= What to work on =
In the material below, find the line containing "QUARTER ZIP HOODIE IN JET BLACK - Mavi Jeans" and the line containing "кнопки -серебристый- арт.ZVITR70X2S". Output those two lines and all lines between them exactly, without pictures.

= Source information =
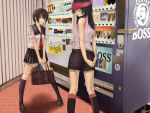  800x600 bad_id bag black_hair brown_hair funaba hitori_(htr_t) long_hair looking_back multiple_girls original satchel school_uniform serafuku short_hair vending_machine visor visor_cap 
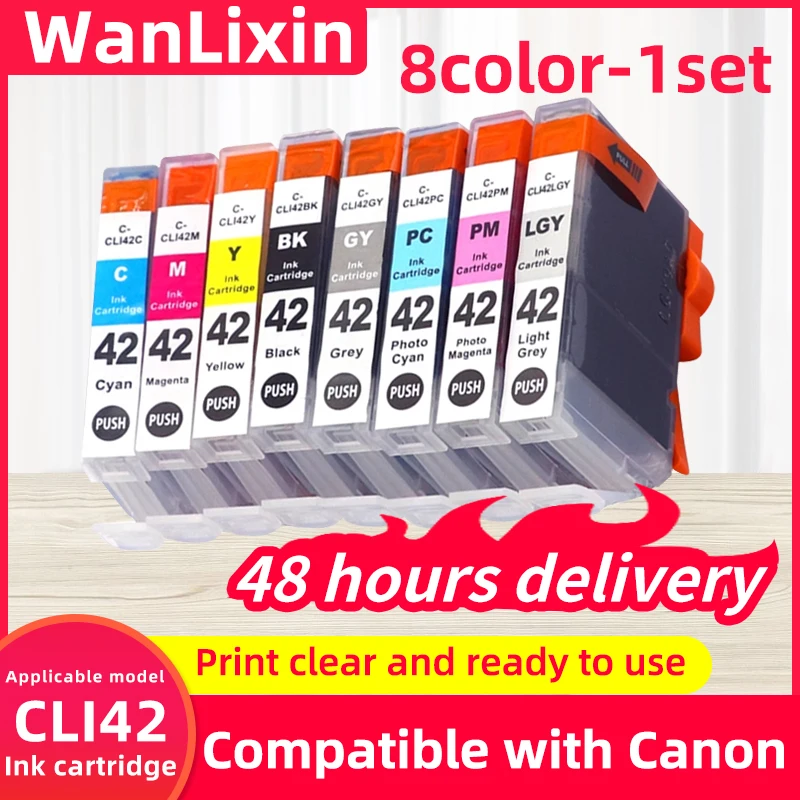 

8 цветов, 1 комплект, новый картридж CLI-42 CLI42, чернильный картридж с чипом, совместимый для Canon PIXMA Pro-100 100S, чернильный картридж для принтера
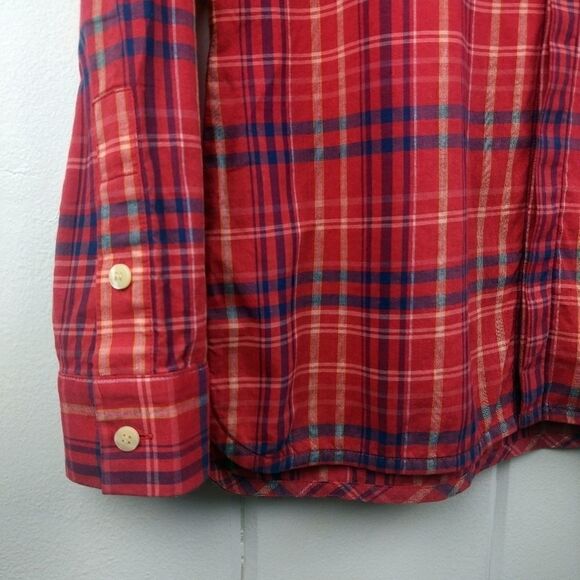 Kate Spade Plaid Button Down "Saturday" Red Cotton, Size - 6 - Picture 5 of 8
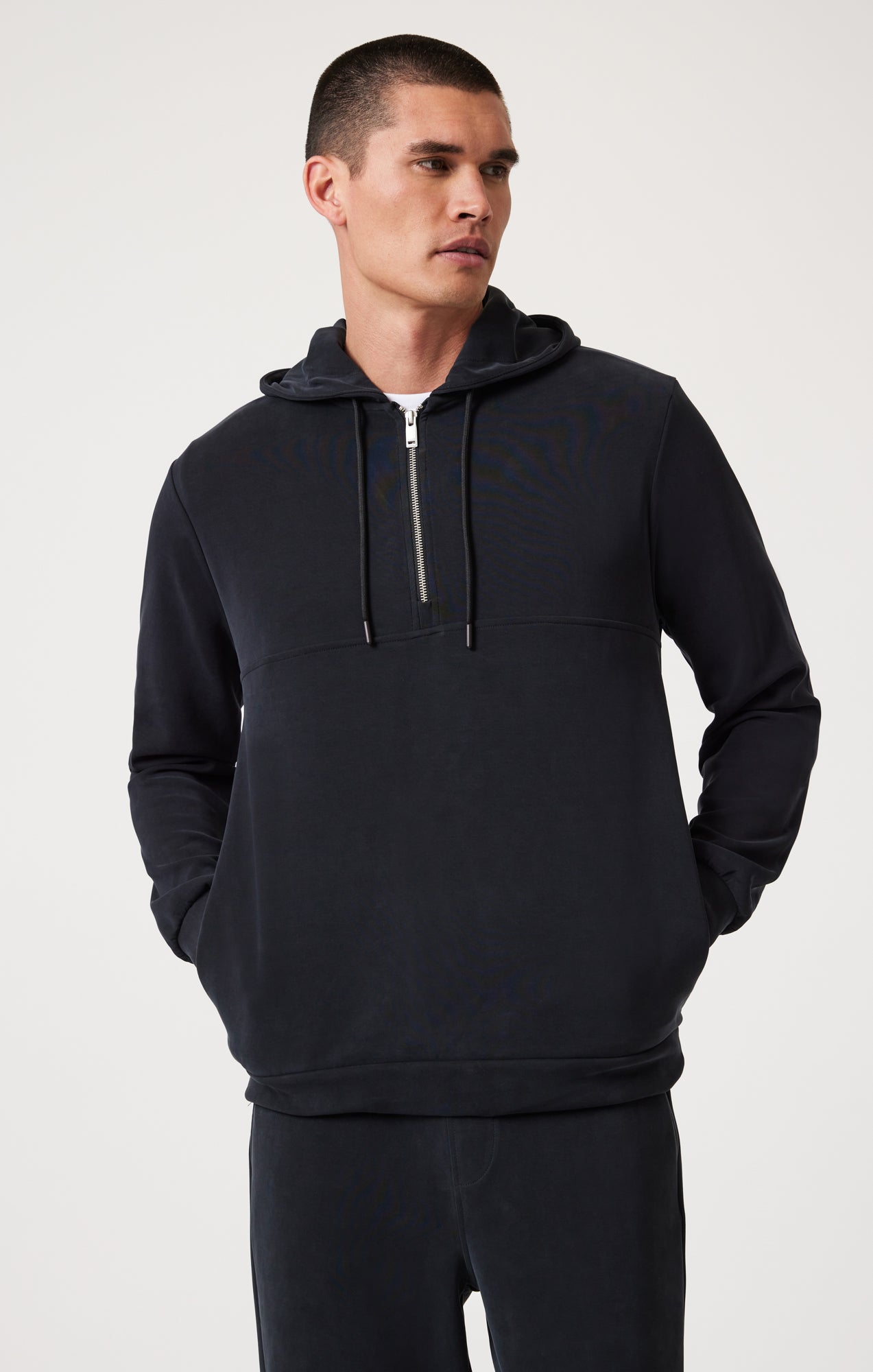 QUARTER ZIP HOODIE IN JET BLACK - Mavi Jeans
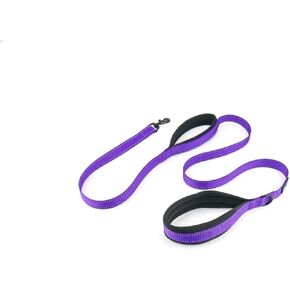 Soft & Thick 5FT Double Handle Leash with Neoprene Padded Handle for Small to Medium Dog (Vibrant Purple)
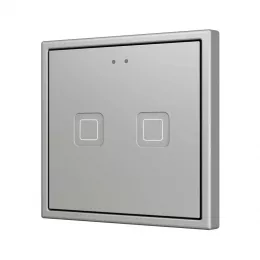ZENNIO  ZVITR70X2S KNX Емкостный сенсорный выключатель Tecla с RGB -подсветкой - 70*70 2 кнопки -серебристый- арт.ZVITR70X2S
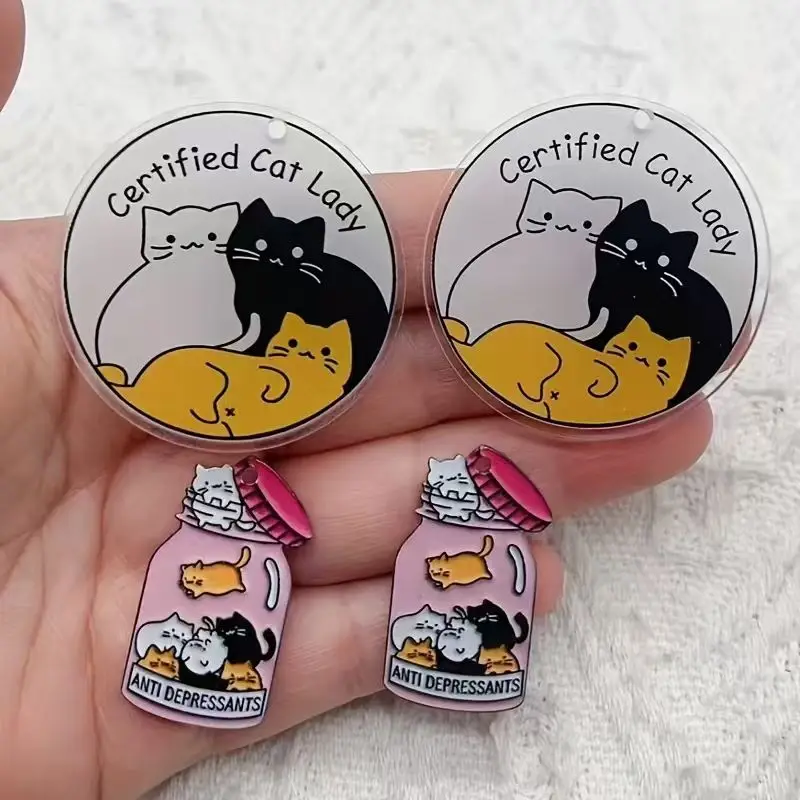 10pcs acrylic cute cat pendant, DIY jewelry making earrings necklace keychain accessories view 4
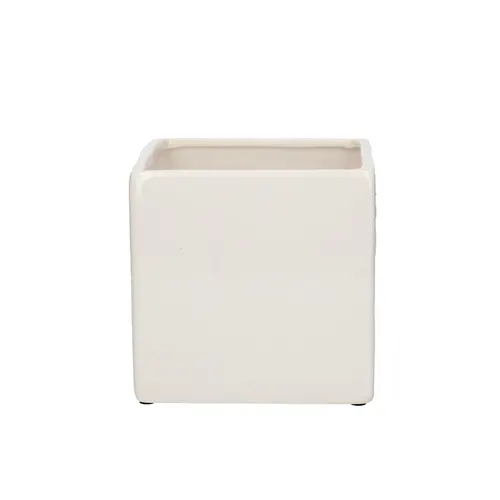 Keramická kocka na rastliny biela ⌀ 12 × 12 cm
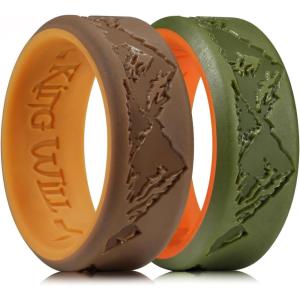 King Will Silicone Rings For Men, Rubber Wedding Bands with Unique Mountain Peak Design Multiple Colors, 8mm Wide 2.2mm Thick, Comfort Fit Size 7-13(Olive Green&Orange + Brown&Chestnut yellow)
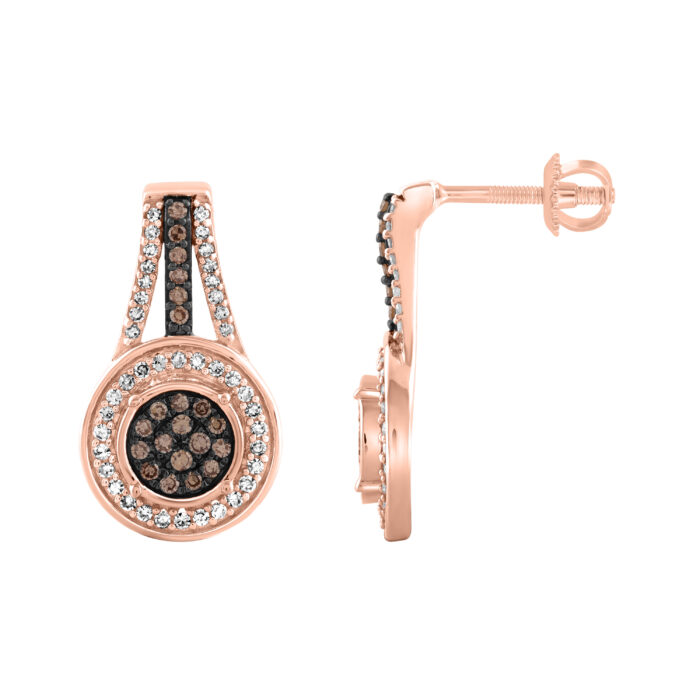 LADIES EARRINGS 0.33CT DARK BROWN/ROUND DIAMOND 14K ROSE GOLD - Image 1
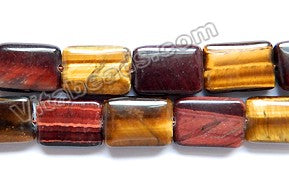 Red &. Yellow Tiger Eye  -  Puff Rectangles 16"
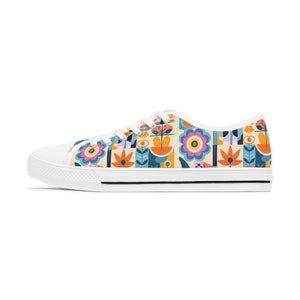 Vibrant Garden: Women's Low Top Sneakers Mary Blair Inspired, Step Out In Style Into Our Small World image 1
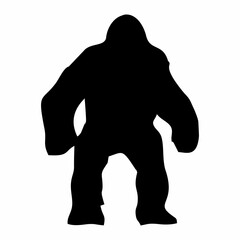 black gorilla silhouette on white background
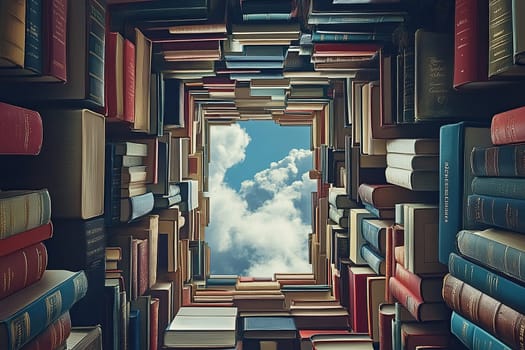 A rack of shelves full of books rises into the cloudy sky. Concept of gaining knowledge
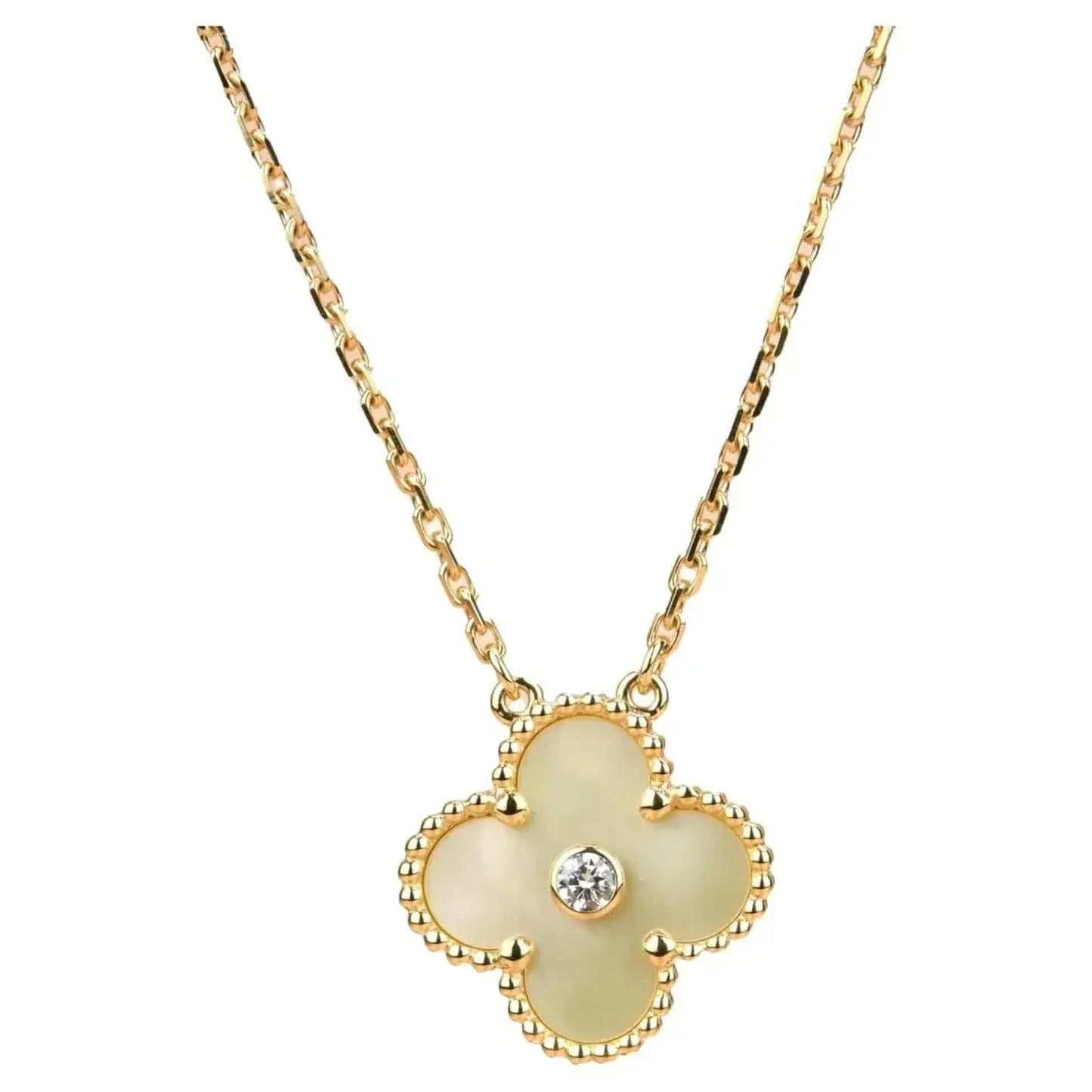 [Luxe Jewels]CLOVER 15MM DIAMOND GOLD MOTHER OF PEARL NECKLACE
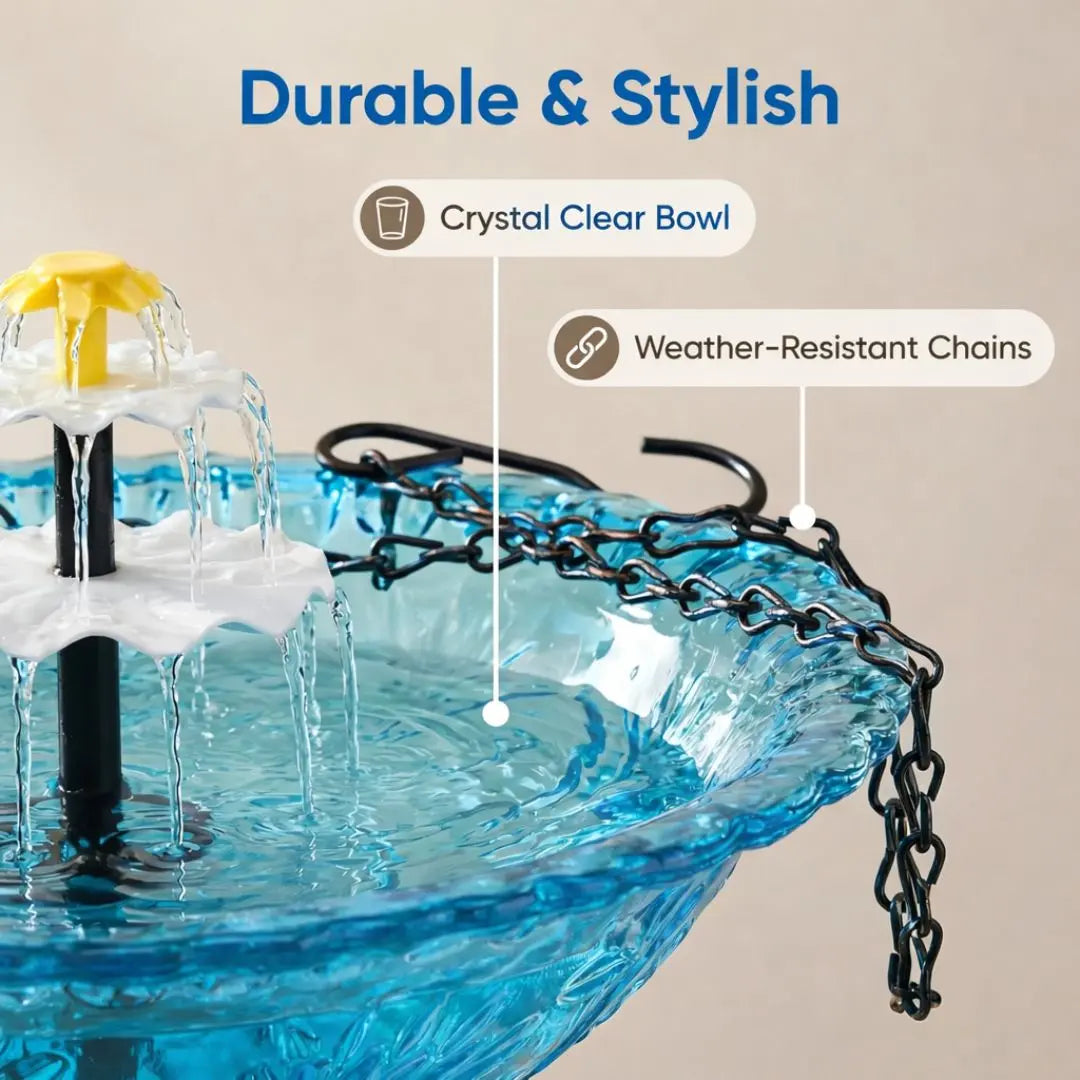✨Special Offer Today Only!  Solar Cascade Hanging Bird Bath Fountain Norvantar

= Task response =
 QUARTER ZIP HOODIE IN JET BLACK - Mavi Jeans
 Soft & Thick 5FT Double Handle Leash with Neoprene Padded Handle for Small to Medium Dog (Vibrant Purple)
ZENNIO  ZVITR70X2S KNX Емкостный сенсорный выключатель Tecla с RGB -подсветкой - 70*70 2 кнопки -серебристый- арт.ZVITR70X2S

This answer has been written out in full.